For example when someone says Nurse first thing that comes to mind is female right? Same concept.


----------



## RealCraftsMan (Dec 27, 2011)

Qball415 said:


> Journeyperson is both for the respect of men and women in the trade. We have many female Plumbers in my area that are journeyed out. Just a respect thing, call it what you want. Sure Journeyman is tradtional.
> For example when someone says Nurse first thing that comes to mind is female right? Same concept.


 
My license still says journeyman on it. Respect or not
 "All MEN are created equal" 
"Mankind"
The proper term would be with man in it. 
I do get what your saying...

ps in the local hall in H town there is not one female out of 1,000's acording to my uncle who has been a member there for 40 years+.


----------



## SirAdrian (Dec 14, 2011)

Working in fort mcmurray I clear $2700 a week. Working 10 and 4. 10 hour days and LOA. 
First job as a journeyman and I'm embarrassed how much money I make.


----------



## SirAdrian (Dec 14, 2011)

Just obviously not too embarrassed to brag a little. Sorry.


----------



## studmaster1 (Dec 10, 2011)

I am a non union service plumber who's worked in the trade 14 years. I always worked hourly but when I moved to a different state the only places that were hiring we're commission only jobs. I'm not the salesman type. Last year I made 107,000 without ever selling anyone they didn't want or need. But I have seen others who are flat out crooks.


----------



## user7551 (Oct 21, 2011)

RealCraftsMan said:


> My license still says journeyman on it. Respect or not
> "All MEN are created equal"
> "Mankind"
> The proper term would be with man in it.
> ...


Your uncle doesn't know what he's talking about , just call the local 68.


----------



## studmaster1 (Dec 10, 2011)

playme1979 said:


> Your uncle doesn't know what he's talking about , just call the local 68.
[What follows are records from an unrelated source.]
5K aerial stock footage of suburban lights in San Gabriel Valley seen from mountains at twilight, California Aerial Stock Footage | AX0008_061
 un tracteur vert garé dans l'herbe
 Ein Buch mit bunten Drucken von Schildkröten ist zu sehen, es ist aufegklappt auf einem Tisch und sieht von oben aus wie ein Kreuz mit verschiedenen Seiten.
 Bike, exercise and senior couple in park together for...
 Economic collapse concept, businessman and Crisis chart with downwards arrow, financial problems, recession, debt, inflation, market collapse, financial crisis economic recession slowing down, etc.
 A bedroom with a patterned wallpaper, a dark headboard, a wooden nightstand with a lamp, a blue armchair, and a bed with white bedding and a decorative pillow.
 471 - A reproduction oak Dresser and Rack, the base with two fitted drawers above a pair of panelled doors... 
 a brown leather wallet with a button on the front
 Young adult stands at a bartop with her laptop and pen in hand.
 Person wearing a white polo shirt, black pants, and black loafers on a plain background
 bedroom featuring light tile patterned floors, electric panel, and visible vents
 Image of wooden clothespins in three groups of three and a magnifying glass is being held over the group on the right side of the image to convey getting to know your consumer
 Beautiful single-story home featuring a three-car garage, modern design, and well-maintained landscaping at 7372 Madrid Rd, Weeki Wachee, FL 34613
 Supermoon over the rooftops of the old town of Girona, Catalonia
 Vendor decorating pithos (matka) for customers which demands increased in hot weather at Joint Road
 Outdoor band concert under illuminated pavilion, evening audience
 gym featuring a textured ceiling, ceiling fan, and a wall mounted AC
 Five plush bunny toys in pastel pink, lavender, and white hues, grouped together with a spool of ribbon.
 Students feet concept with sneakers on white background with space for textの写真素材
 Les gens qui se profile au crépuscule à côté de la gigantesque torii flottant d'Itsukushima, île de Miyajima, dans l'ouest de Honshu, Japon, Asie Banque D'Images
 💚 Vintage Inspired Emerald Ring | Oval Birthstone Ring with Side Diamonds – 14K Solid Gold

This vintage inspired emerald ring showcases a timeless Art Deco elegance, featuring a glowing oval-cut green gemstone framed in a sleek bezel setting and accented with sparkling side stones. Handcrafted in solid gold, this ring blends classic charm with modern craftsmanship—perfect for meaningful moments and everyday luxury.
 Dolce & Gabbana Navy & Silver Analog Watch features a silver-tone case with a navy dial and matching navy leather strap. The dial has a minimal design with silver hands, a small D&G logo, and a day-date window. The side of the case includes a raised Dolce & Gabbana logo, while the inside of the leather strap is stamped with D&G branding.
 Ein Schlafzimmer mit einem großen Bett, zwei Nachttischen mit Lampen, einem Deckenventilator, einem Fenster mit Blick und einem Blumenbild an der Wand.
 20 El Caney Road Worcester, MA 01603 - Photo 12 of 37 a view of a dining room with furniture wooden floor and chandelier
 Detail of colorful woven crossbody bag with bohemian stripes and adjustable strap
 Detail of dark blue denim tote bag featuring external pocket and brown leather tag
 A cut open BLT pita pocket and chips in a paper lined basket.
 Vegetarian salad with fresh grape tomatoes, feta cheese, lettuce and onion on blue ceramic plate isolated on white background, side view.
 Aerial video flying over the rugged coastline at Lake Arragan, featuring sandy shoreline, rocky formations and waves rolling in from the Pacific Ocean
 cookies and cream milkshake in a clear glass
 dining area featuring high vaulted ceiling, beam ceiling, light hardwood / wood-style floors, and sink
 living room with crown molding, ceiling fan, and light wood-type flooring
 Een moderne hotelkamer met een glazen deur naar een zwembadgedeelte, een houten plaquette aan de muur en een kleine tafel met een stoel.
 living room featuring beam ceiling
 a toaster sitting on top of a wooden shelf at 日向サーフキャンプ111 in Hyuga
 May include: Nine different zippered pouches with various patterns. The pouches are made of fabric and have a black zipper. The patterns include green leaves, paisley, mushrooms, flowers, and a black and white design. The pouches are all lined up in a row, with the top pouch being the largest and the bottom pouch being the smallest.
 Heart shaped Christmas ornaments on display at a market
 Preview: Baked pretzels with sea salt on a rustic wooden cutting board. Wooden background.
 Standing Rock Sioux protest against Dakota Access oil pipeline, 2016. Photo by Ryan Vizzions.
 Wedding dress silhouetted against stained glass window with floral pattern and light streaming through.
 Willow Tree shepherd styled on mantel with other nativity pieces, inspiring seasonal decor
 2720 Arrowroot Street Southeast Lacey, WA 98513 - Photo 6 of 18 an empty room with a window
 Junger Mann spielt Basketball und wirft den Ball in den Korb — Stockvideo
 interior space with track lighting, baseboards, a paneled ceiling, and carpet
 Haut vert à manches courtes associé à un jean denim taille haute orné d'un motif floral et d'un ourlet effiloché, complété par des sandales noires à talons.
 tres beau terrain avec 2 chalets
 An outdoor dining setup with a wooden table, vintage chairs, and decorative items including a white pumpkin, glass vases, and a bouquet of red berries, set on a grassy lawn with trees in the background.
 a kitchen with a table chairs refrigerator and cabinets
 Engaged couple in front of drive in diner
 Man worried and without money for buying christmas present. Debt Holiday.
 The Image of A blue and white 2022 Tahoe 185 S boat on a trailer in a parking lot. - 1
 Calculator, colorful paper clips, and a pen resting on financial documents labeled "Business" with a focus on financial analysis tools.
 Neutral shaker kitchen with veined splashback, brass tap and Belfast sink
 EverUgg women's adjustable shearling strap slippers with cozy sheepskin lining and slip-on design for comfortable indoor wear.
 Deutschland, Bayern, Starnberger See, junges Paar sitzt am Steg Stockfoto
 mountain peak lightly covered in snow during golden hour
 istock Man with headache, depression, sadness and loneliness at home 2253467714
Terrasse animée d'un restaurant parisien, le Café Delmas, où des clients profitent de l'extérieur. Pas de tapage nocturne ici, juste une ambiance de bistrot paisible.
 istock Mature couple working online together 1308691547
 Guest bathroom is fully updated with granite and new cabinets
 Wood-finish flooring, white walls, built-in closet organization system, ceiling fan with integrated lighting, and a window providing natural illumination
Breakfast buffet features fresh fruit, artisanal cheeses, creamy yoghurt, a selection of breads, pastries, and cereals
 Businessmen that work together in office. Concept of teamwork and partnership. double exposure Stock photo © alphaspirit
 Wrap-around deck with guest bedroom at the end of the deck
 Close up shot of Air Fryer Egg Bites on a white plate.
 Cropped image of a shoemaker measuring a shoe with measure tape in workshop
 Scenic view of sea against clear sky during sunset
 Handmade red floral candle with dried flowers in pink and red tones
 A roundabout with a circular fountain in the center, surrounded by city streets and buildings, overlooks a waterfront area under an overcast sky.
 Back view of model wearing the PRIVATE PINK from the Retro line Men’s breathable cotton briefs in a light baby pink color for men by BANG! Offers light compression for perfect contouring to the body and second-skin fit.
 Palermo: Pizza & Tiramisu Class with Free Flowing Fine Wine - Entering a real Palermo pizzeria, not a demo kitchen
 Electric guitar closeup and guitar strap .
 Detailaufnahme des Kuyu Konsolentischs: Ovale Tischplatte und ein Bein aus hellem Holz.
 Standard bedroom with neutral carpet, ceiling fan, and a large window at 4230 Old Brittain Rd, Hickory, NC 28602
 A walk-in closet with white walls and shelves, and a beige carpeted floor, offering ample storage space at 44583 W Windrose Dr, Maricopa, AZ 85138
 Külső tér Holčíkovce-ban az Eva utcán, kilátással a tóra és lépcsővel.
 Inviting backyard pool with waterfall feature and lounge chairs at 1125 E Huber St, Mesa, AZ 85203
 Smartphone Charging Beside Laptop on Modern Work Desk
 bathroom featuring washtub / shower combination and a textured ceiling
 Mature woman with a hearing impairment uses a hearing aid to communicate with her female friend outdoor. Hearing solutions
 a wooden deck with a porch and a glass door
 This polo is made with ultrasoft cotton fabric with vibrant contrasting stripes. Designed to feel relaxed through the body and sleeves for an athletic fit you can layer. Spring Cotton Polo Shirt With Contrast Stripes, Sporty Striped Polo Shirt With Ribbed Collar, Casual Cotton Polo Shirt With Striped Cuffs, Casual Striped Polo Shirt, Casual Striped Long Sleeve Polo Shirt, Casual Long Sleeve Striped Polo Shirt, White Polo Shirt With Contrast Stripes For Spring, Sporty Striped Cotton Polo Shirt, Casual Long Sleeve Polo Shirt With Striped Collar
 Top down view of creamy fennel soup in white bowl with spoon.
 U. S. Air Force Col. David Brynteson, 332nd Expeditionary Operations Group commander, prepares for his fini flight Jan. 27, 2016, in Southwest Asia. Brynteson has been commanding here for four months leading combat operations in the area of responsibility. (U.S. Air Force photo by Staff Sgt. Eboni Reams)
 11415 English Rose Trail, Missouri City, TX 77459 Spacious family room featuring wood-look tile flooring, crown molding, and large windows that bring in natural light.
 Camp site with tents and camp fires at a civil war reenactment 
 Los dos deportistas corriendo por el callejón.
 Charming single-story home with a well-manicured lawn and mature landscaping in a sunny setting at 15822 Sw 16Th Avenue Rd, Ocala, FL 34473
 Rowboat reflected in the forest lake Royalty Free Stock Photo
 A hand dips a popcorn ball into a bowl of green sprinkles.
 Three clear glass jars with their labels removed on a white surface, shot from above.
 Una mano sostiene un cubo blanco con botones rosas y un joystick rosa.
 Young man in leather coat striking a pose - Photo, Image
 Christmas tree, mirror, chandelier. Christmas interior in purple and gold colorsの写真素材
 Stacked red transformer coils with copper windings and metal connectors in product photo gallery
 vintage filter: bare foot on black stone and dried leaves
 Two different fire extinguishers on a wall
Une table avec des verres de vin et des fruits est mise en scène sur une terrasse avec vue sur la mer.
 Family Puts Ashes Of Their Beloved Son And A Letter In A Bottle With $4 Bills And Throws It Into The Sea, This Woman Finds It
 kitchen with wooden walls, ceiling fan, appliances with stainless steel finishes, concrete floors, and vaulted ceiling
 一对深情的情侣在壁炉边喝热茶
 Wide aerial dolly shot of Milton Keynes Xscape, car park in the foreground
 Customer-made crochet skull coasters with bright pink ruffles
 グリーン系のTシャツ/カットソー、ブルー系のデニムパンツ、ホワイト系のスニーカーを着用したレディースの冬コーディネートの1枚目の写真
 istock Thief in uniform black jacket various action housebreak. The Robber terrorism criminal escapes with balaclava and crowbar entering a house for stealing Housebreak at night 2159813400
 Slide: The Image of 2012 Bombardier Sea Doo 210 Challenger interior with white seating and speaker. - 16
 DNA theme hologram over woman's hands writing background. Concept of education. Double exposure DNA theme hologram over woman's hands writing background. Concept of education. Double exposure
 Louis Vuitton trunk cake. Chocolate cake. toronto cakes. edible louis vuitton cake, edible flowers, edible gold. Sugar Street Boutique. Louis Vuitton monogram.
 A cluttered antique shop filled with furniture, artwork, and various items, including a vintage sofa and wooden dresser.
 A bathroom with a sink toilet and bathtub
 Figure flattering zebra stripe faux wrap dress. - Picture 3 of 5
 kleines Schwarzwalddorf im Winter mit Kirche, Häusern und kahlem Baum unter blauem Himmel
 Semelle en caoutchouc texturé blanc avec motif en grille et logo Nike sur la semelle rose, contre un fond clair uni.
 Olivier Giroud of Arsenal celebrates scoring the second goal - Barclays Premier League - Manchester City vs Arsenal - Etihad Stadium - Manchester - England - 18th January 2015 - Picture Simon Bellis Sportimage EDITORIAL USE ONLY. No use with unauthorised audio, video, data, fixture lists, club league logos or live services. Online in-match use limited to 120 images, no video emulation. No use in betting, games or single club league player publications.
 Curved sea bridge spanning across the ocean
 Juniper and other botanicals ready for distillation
Your discriminating against transexual plumbers. Shame on you. In proper English you refer to asexual objects in the masculine, Also the official title is journeyman not journeyperson. If we want to just start changing the names of things, just for the heck of it I am now a doctor instead of a plumber.. Don't try and change terminology because you are trying to be pc. That's just going overboard. Actually I take that back, let's try journeyhomosapien. Yeah that sounds about right. Signed - the dr.


----------



## Qball415 (Nov 20, 2010)

studmaster1 said:


> Your discriminating against transexual plumbers. Shame on you. In proper English you refer to asexual objects in the masculine, Also the official title is journeyman not journeyperson. If we want to just start changing the names of things, just for the heck of it I am now a doctor instead of a plumber.. Don't try and change terminology because you are trying to be pc. That's just going overboard. Actually I take that back, let's try journeyhomosapien. Yeah that sounds about right. Signed - the dr.


K.M.A Doc.


----------



## Qball415 (Nov 20, 2010)

A certified Journeyperson is recognized as a qualified and skilled person in a trade and is entitled to the wages and benefits associated with that trade. A Journeyperson is allowed to train and act as a mentor to a registered apprentice.
Google it....


----------



## plumberkc (Jun 23, 2011)

The more I think about this article the more it pisses me off. It's encouraging people to become handymen. Just what we need... more handymen. It also suggest that a handyman makes the same amount of money as a licensed plumber. No way they make $50K a year, they all work for cash anyways.


----------



## studmaster1 (Dec 10, 2011)

Qball415 said:


> A certified Journeyperson is recognized as a qualified and skilled person in a trade and is entitled to the wages and benefits associated with that trade. A Journeyperson is allowed to train and act as a mentor to a registered apprentice.
> Google it....


As I am now a Dr. I looked up journeyman in websters dictionary (I googled it) and also the American Heritage Dictionary where both definitions existed, couldn't find one for journey person, in fact it's not even in my spell check. However if you feel the need to invent a word to make yourself feel better robada to you. I was an English major in college but I appreciate the attempt at a lesson. I am puzzled at your request to K.M.A., is that a code that you want me to kill your aunt?


----------